The actor continues to be terrifically magnetic in the part, a role that appears especially custom-fit for her talents. (She even created CW's eye-catching outfits.) While the follow-up's focus tips heavily toward CW — the first film felt more equally divided between the two women — it still works as a tale of dueling investigators, with both women employ fabricated profiles, Insta-stalking, and an apparently limitless travel fund to pursue and/or escape each other. Then again, perhaps the unlimited budget isn’t necessary. Influencers have a knack for getting to explore posh places without paying much, a skill which CW mirrors with her more overt scamming.

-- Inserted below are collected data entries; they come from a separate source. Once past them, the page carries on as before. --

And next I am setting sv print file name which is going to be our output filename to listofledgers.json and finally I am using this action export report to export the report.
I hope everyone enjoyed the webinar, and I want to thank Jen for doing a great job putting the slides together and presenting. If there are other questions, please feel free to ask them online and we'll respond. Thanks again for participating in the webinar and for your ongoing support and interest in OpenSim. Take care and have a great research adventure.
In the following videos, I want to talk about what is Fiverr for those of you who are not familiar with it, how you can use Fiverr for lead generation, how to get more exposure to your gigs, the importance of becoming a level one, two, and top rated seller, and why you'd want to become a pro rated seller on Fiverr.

Resourceful Production and Cinematic Travelogue
The creative team for Influencers appear equally ingenious in locating stunning locations to visit, though they were presumably more legitimate about it. Most of the film seems to be filmed in real places, providing it a real-world weight that remains even as numerous sequences involve a relatively small cast of characters looking at digital devices.
It follows the same logic which allowed the James Bond movies look so consistently opulent for decades: Indeed, explosive action and visual effects can display a big budget, however just providing a kind of visual tour to viewers also seems deeply filmic. This is particularly appropriate for a story so dependent on the coexisting surface-level allure and desperate hustle involved in producing jealousy-worthy online content.

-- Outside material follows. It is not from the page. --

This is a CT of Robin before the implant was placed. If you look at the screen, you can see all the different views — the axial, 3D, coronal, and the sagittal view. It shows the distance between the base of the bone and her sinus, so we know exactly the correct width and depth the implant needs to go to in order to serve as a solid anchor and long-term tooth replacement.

Every character visiting Bali, similar to those who were in Thailand in the first film, seem to have access to unbelievably stylish modern bungalows; films exist about lifeguards which don't feature this much overhead swimming-pool video. These individuals must believably occupy these luxurious, remote places to emphasize the uncomfortable paradox of how frequently each person — including the woman wreaking vengeance upon the online stars' narcissistic falseness — nonetheless devotes much time under the light of their devices.
Nuanced Portrayals and Tech-Savvy Tension
At the same time, Harder hasn’t authored a screed against the emptiness of online fame. While it is gratifying to see CW exploit different internet celebrities, and a sense reminiscent of Hitchcock of alignment allows us to wish she doesn’t get caught, the filmmaker is somewhat sympathetic to the major influencer characters. Previously, he tapped into the loneliness Madison experienced while on supposedly dream getaways. Here, the director appears confident that merely watching Jacob at work will make it clear that he is selling false masculinity to other gullible men; he resists turning into a caricature the character. He even grants Jacob a measure of dignity through depicting his genuine loyalty to his partner; he is two-faced, yet Ariana is a partner in his double standards, not a victim of it.

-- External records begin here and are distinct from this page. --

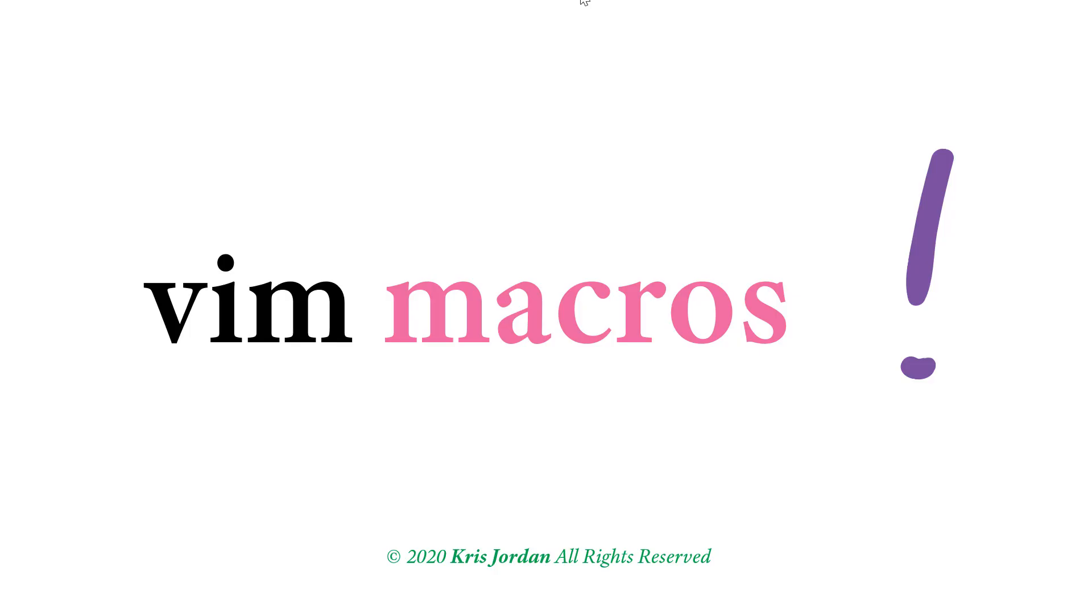Macros are one of Vim's superpowers. They give you the ability to record a sequence of commands you enter in normal mode and replay those commands easily.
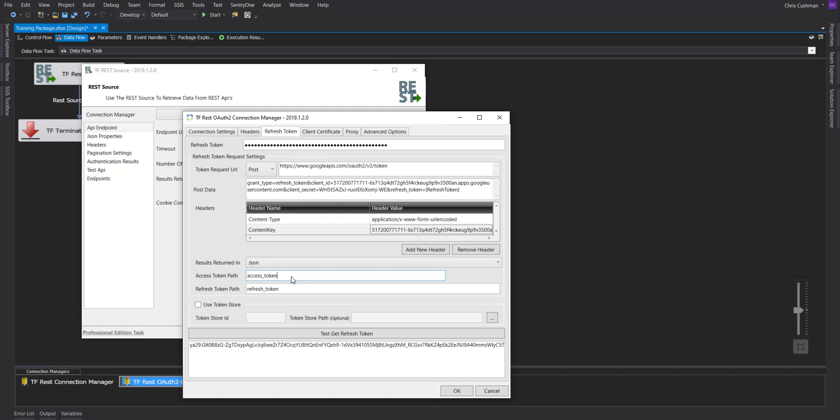Some will need you to take the access token that you are currently using and provide it with the information to get a refresh token. You'll need to check this used token store. It'll create an ID for you, and you'll select where you want that token store path to be. This will store all your access tokens and your refresh tokens, and we'll use them for subsequent responses if that is needed.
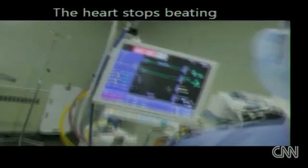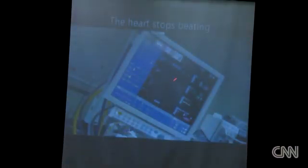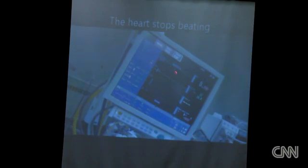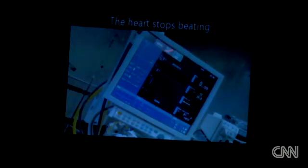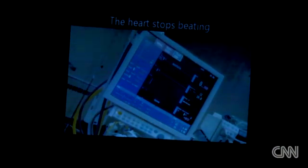Cardiac arrest. Now we're going to talk about what happens in the event of an actual arrest. What you'll see is that the heart is no longer beating. This used to show an electrocardiogram pattern, but now it's gone flat. The heart has stopped beating. The patient is not breathing. This is a cardiac arrest.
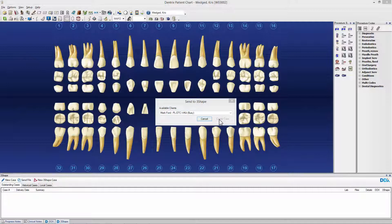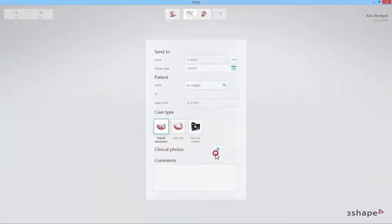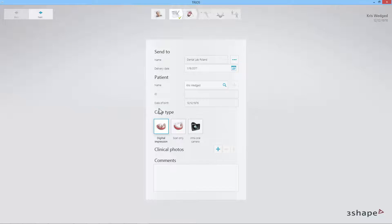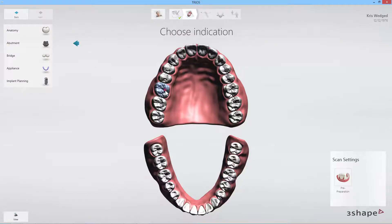Now go to your selected TRIOS scanner PC or cart. If the patient has been scanned before, the specific patient will be automatically selected and the patient's information will be added to the order form. If the patient has never been scanned before, the patient data from Dentrix will be transferred automatically. Either way, all you need to do is specify the details in the order form.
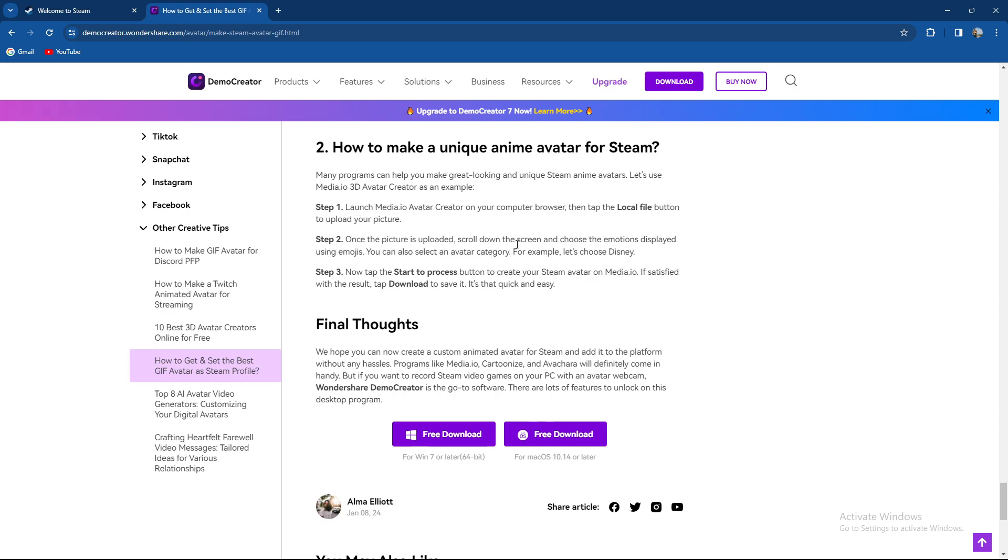Once the picture is uploaded, scroll down the screen and choose the emotions displayed using emojis. Then hit the process button to create your Steam avatar on media.io. If satisfied with the result, tap download to save it and it's as quick as it gets.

The other side of Harder’s even-keeled presentation is that it can sometimes appear that he is acknowledging elements of contemporary digital culture without deeply exploring them further. This is particularly evident of the way he introduces artificial intelligence into the plot, a fascinating turn which misses the psychological edge it deserves. The pluralized title of Influencers could offer fans of the first movie hope for a larger-scale ante-upping, and the movie does eventually provide exactly that, with an appropriately wild final act. However, initially, it resembles more a polished Hitchcock thriller than an frenzied, tech-addled De Palma-style shocker. Influencers’ heavy use of actual places might also be what prevents it from coming across like utter horror. The world might be saturated with content-churning influencers, online fraud, and exploitative travel, but reality itself is still here, for now.